When an exhausted mother wrote on a Web forum last year that she planned to put her disabled daughter into foster care because local officials had declined her plea for support, British Prime Minister David Cameron voiced his concern the next day at a news conference.

When mothers on the same site demanded that retailers place raunchy “lads’ mags” out of children’s view, big supermarket chains quickly announced plans to do so.

Such is the power of Mumsnet, a parenting site that has leveraged its sizable online presence into a voice loud enough to be heard on the national stage —  and in the offices of Britain’s political leaders.

The British news media dubbed the 2010 parliamentary elections, the first of the social media era, “the Mumsnet election.” Both Cameron and Gordon Brown, who was prime minister at the time, sat down for Web chats with the site’s users, fielding questions on subjects as varied as taxes, bankers’ bonuses, breast-feeding and nursery schools.

Mumsnet is an eclectic combination of the mundane, the intimate and the moneymaking, of the kind that only exists online. Users chat about potty training and the tooth fairy, bond over serious problems like depression and divorce, and make noise about big social issues like rape. Reviews of products like strollers and Q & A’s about vacuum cleaners and washing machines bring in revenue.

It is a mix that seems to attract the powerful and give the site — founded by two British professional women who are mothers, back in 2000 — a voice that is heeded more than that of similar sites in other countries.

The site did not start out seeking political clout, said Justine Roberts, Mumsnet’s co-founder and chief executive.

She and Carrie Longton, friends from a prenatal class, introduced the site just as the dot-com bubble was bursting. After a disastrous vacation with young twins, Roberts thought there would be an audience for a site that gave parents a way to share child-rearing experiences and advice, she said.

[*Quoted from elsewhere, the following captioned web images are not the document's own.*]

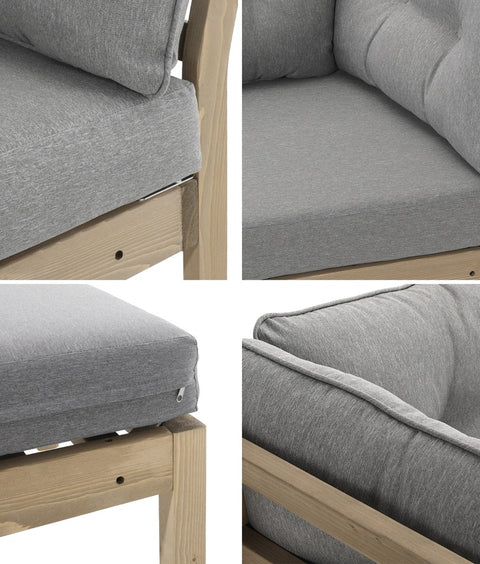 Livsip 7 Piece Outdoor Lounge Sofa Set Garden Furniture Grey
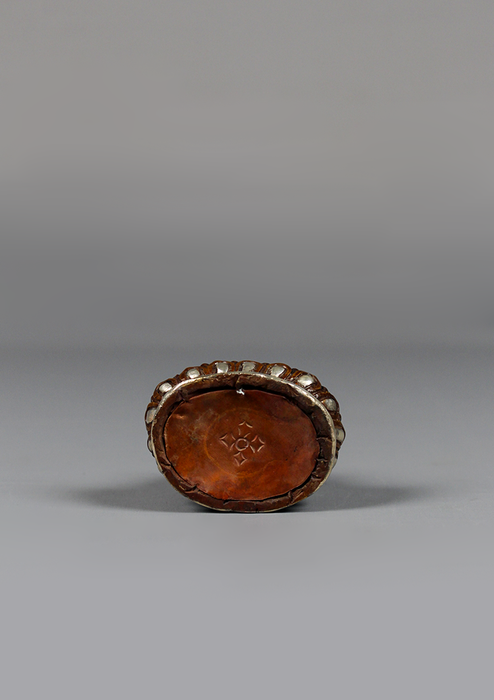 Copper Oxydize Silver Plated  Amoghasiddhi Buddha Statue 3"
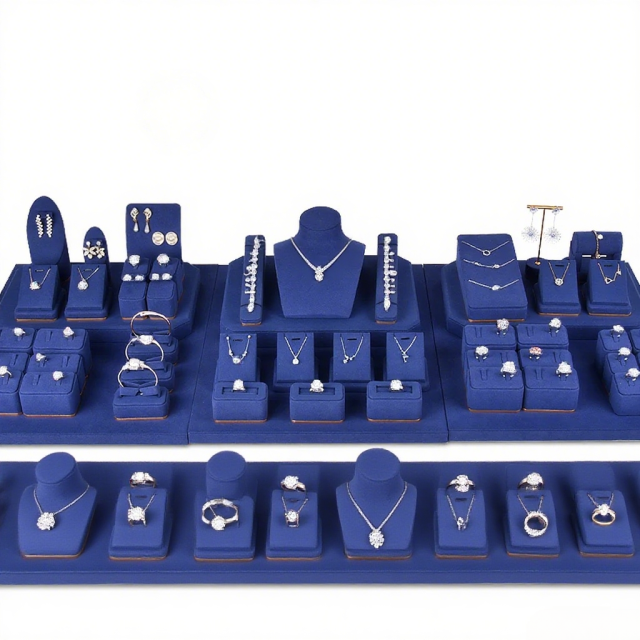 FADELI Wholesale Blue Microfiber Jewelry Earring Display Stands Necklace Display Jewellery Display for Counter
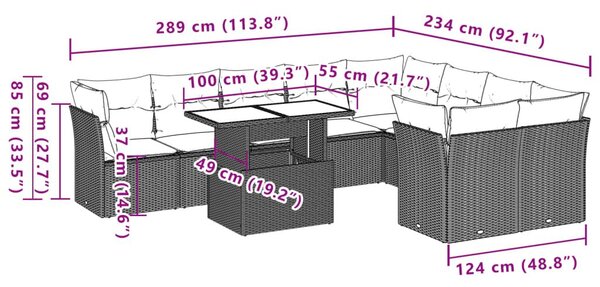 Σαλόνι Κήπου 10 Τεμαχίων Γκρι από Συνθετικό Ρατάν με Μαξιλάρια - Γκρι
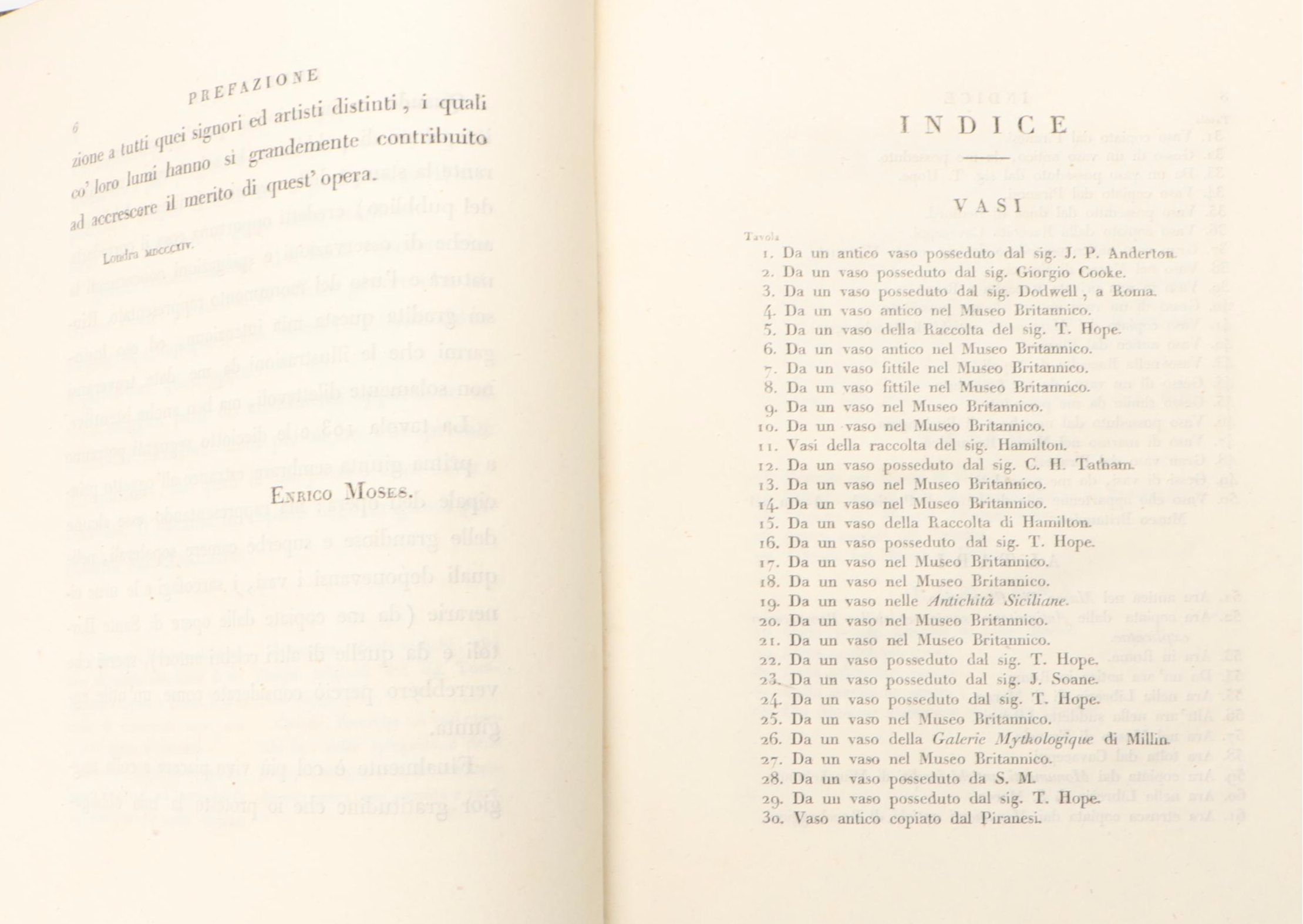 Illustrated "Raccolta di vasi antichi" by Enrico Moses, 1824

Mumsnet said it now has more than 5.7 million visits a month, including 2.7 million unique users. Revenues come from traditional advertising, as well as charging companies for access to users who give feedback about products or spread word of them.

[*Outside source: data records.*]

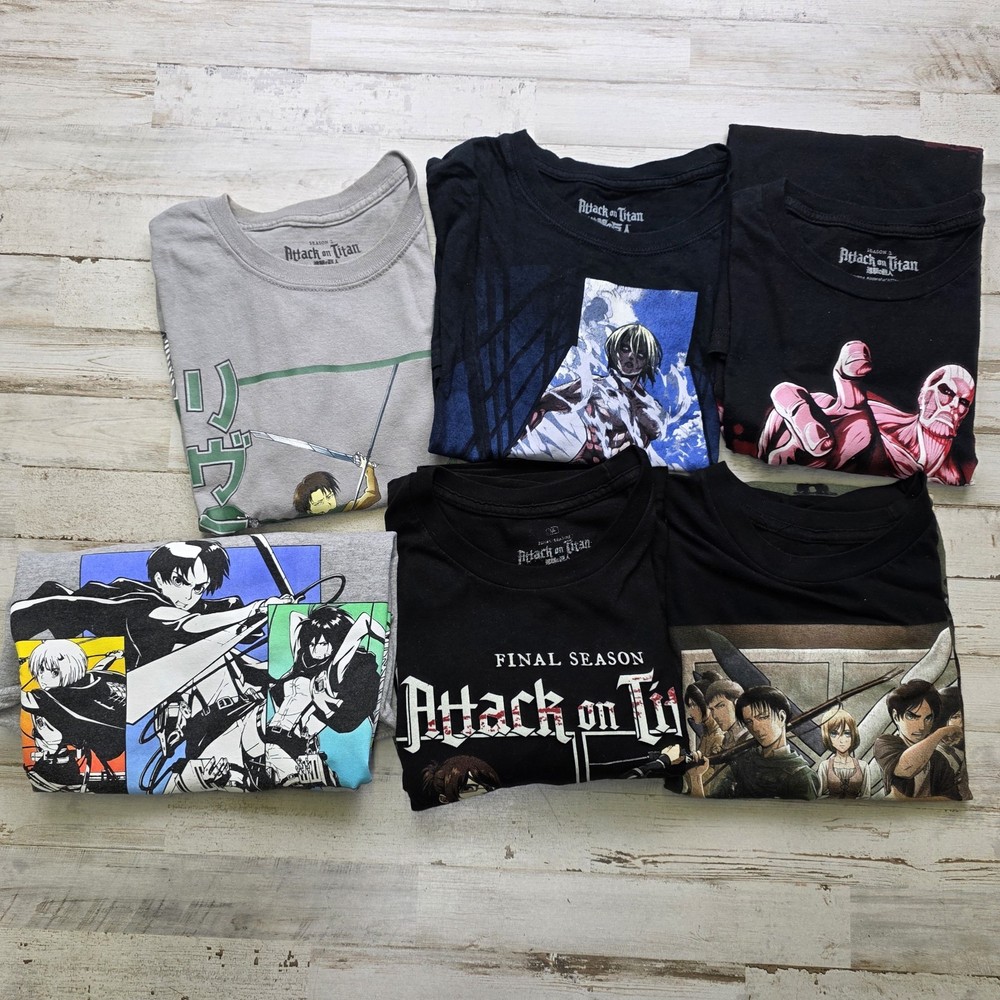 Lot of 6 Attack on Titan Anime Graphic T-Shirt Lot Size Adult MED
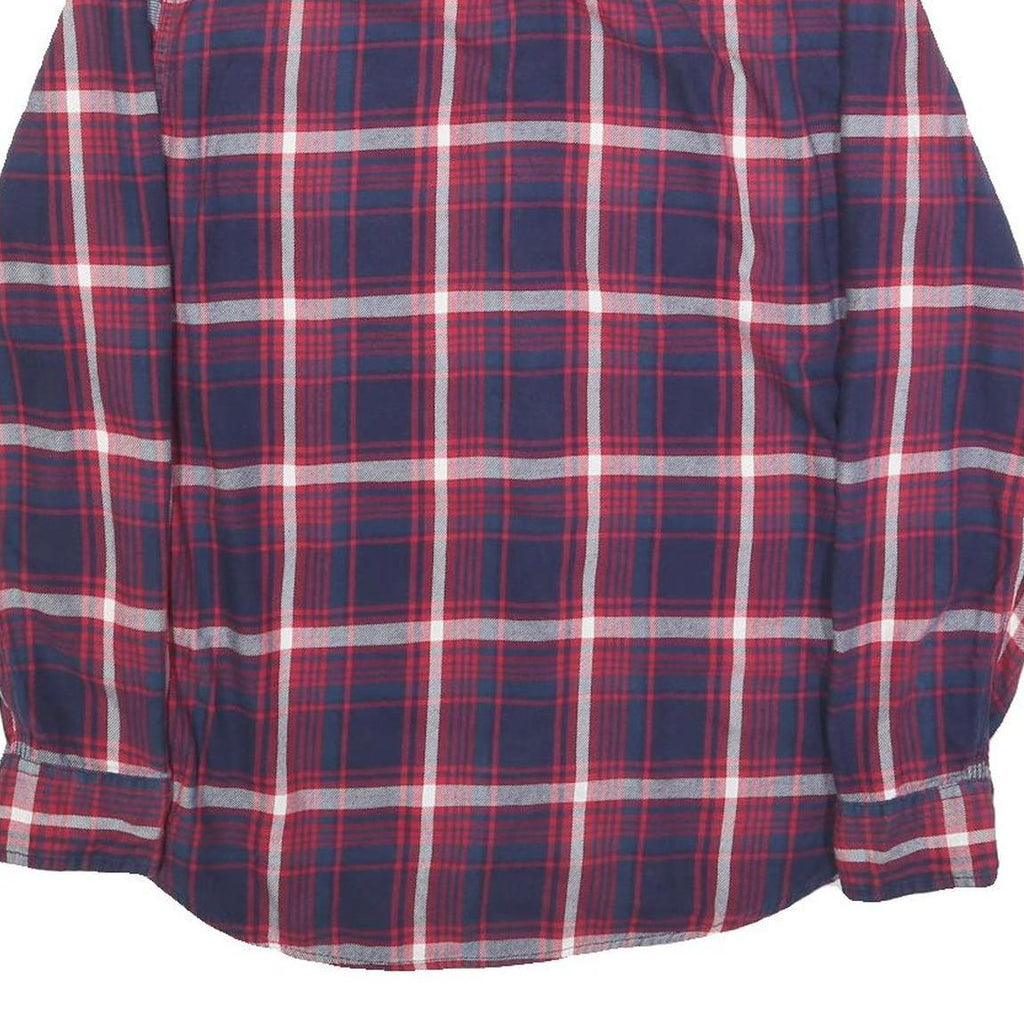 TOMMY HILFIGER Mens Blue & Red Check Shirt M Cotton Long Sleeve Casual Button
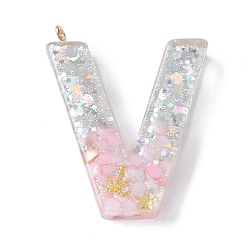 Letter U Подвески из смолы, с ракушкой, пайетками и петлей из сплава глодена, буква а~б, Буква U, 42~44x11.5~57x7.5~8.5 мм, отверстие : 2 мм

Roberts said Mumsnet members, who join by registering on the site, had veto power over all its big decisions.

Users also drive the issue campaigns. The rape awareness effort “We Believe You” began with a post asking how many Mumsnet members had been raped or sexually assaulted. Shocked by the outpouring of emotional posts, the site conducted its own poll, and members soon began blogging and posting on Twitter about the issue.

Roberts said the site uses its voice carefully. Mumsnet makes no political endorsements and only campaigns on issues that have near unanimous support on its chat boards.

“The power is in the democracy of it,” she said. “We didn’t set out to change the world, but once we had politicians knocking on our door, wanting to speak to our audience, it seemed remiss not to try.”

Mumsnet’s influence has come from its combination of size and savvy, said Christine Cheng, who lectures on women in politics at King’s College London.

“You have to have the critical mass, and you have to choose to use it in a political way,” she said, noting that most parenting sites do not jump into public debates. Mumsnet, she said, gives people a way to be heard in their role as parents.

Although parenting websites abound globally, there are few in other Western countries that match Mumsnet’s market dominance and political clout.